▶ _Directions_:
Look below for the line containing "Intricate Pencil Tip Miniature Sculptures"; from there through the line containing "The New Hotel Zeybek 67/74", both lines included, please set down each line exactly and nothing else.

▶ _The data_:

################

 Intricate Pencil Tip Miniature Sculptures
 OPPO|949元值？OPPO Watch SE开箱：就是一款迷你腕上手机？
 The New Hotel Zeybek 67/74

################

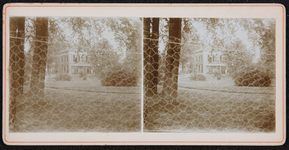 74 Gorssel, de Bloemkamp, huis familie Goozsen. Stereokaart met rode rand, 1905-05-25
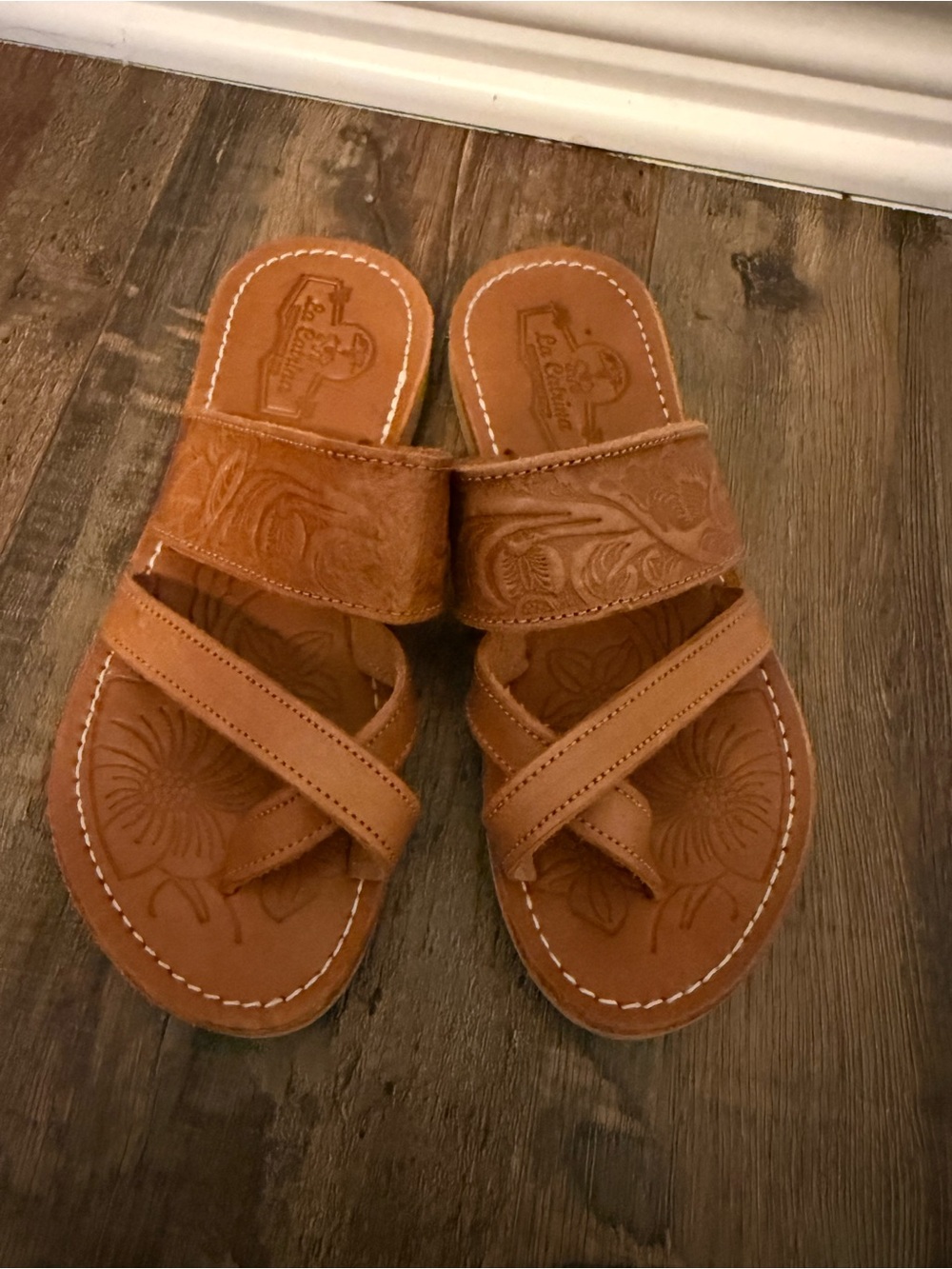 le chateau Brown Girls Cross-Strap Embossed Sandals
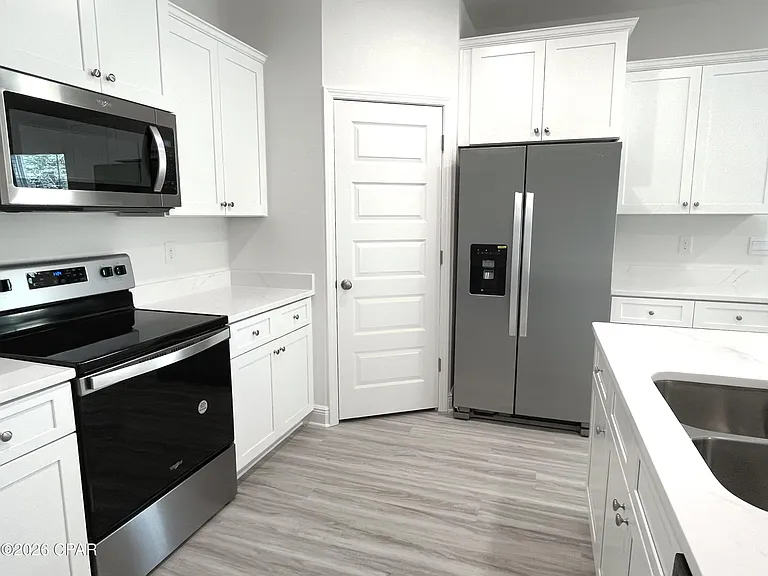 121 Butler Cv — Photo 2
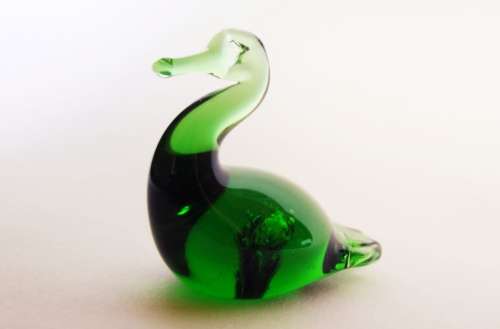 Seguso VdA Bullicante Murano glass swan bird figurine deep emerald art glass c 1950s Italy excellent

################

▶ _Solution for this problem_:
 Intricate Pencil Tip Miniature Sculptures
 OPPO|949元值？OPPO Watch SE开箱：就是一款迷你腕上手机？
 The New Hotel Zeybek 67/74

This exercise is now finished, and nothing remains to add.